• **ABOUT THIS TASK**
Pictures must not appear in the copy. Set down exactly the line with "Clean white towels" and each line after it through the end of the data below.

(Short descriptive text snippets)
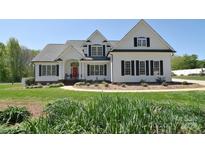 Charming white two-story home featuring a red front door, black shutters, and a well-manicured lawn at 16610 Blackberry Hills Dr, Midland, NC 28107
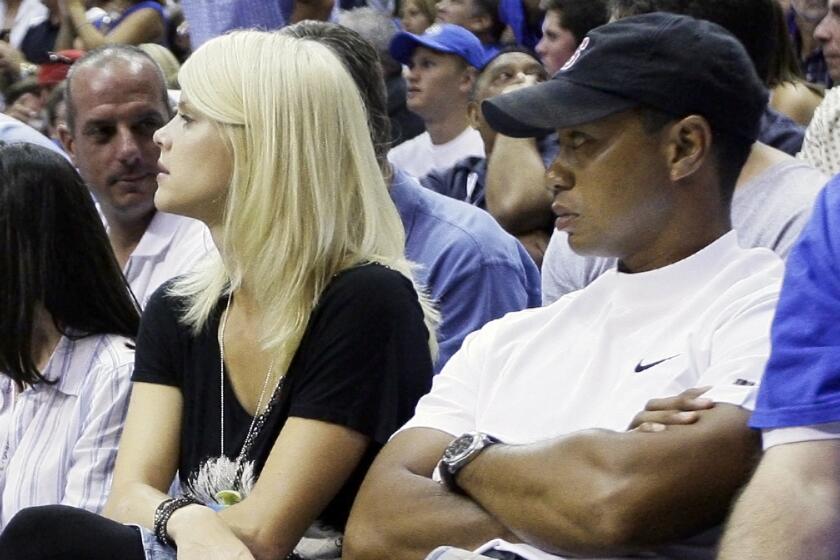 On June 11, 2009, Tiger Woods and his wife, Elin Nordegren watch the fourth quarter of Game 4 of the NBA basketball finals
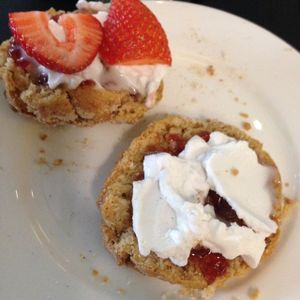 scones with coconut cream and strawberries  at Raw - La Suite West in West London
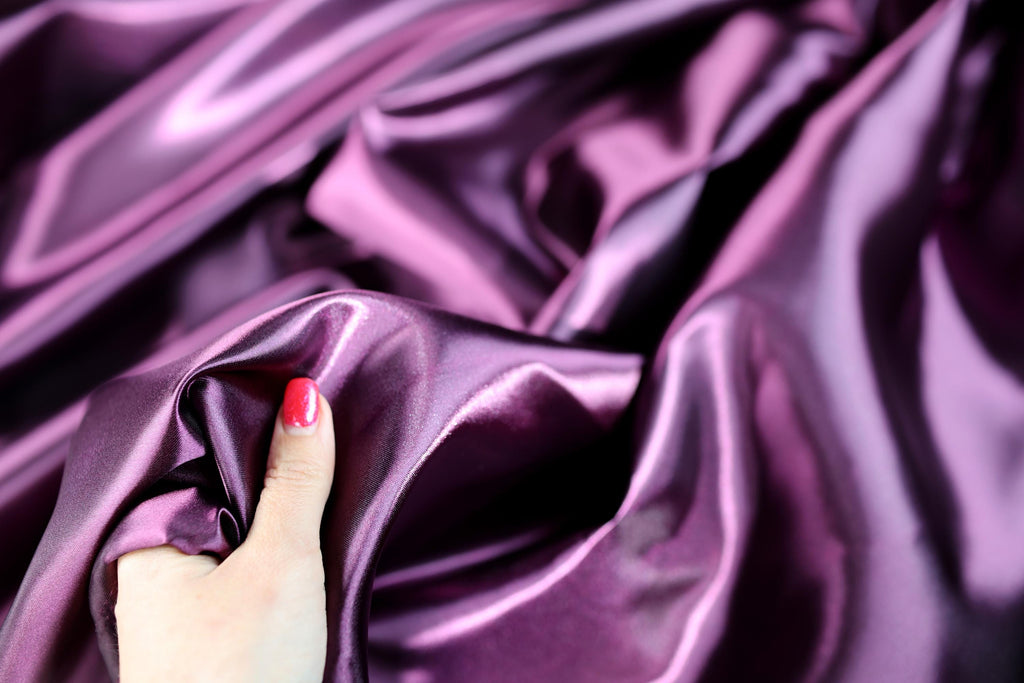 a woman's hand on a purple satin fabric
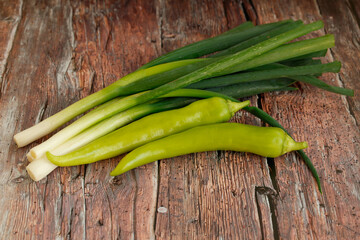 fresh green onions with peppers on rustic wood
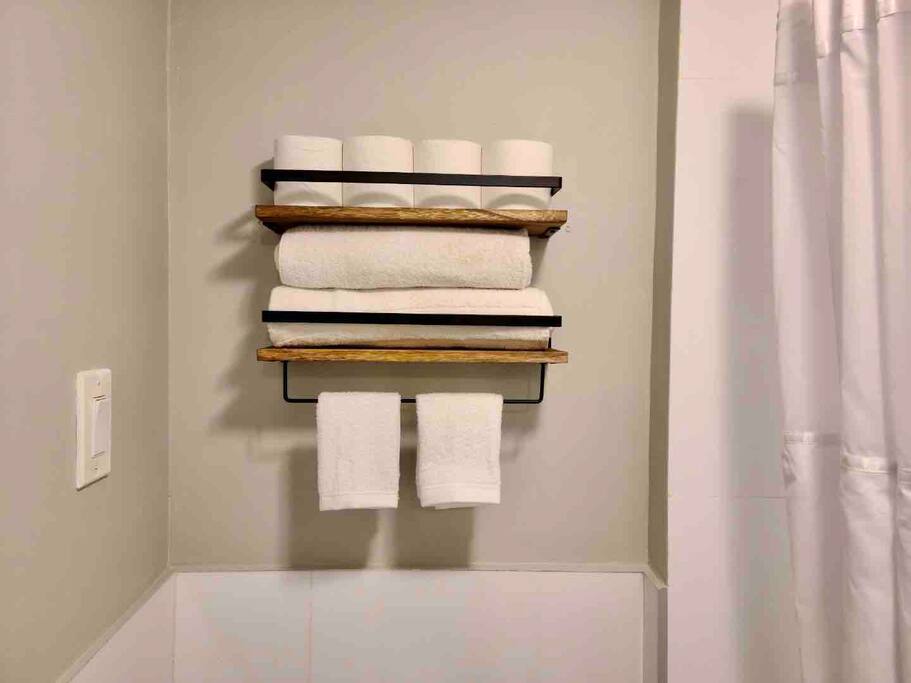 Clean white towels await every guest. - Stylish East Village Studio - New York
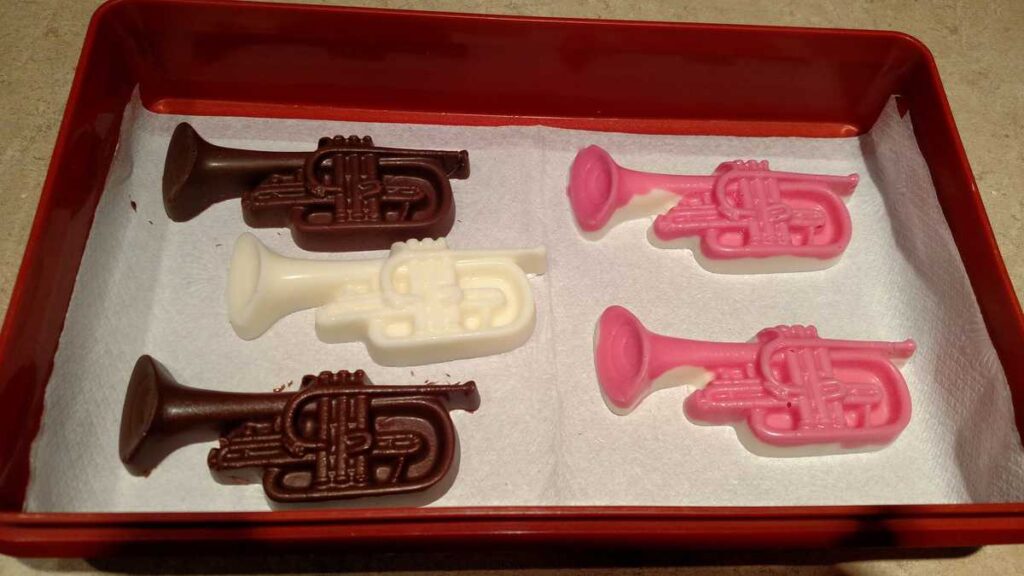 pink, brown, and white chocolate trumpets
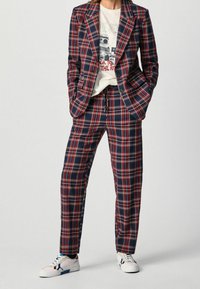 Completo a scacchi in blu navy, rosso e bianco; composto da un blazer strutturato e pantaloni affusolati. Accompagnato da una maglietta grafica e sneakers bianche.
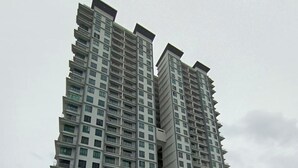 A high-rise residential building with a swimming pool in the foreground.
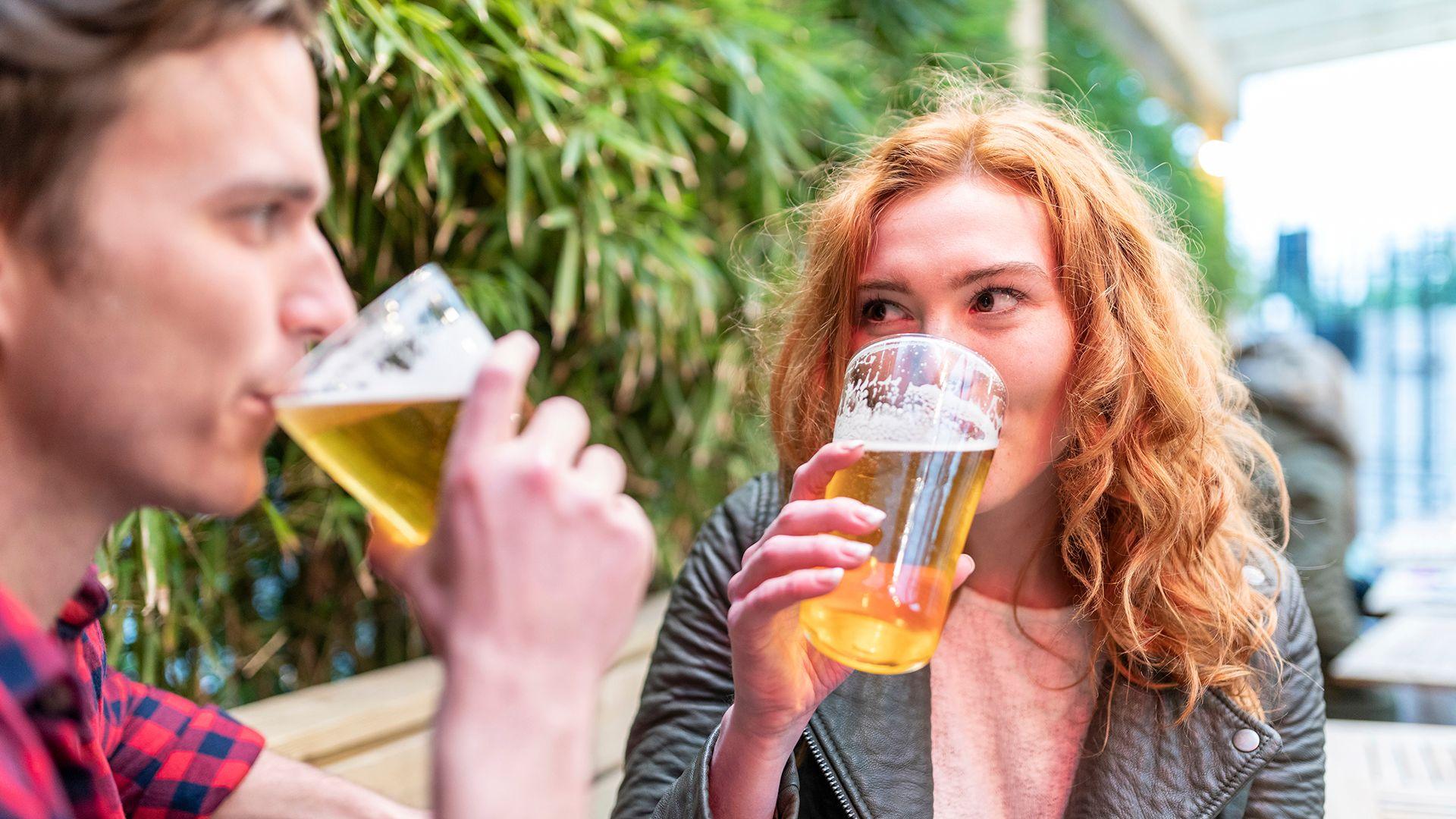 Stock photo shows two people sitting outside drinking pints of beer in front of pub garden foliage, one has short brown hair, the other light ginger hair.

• **RESPONSE TO THE TASK**
 Clean white towels await every guest. - Stylish East Village Studio - New York
 pink, brown, and white chocolate trumpets
 Completo a scacchi in blu navy, rosso e bianco; composto da un blazer strutturato e pantaloni affusolati. Accompagnato da una maglietta grafica e sneakers bianche.
 A high-rise residential building with a swimming pool in the foreground.
 Stock photo shows two people sitting outside drinking pints of beer in front of pub garden foliage, one has short brown hair, the other light ginger hair.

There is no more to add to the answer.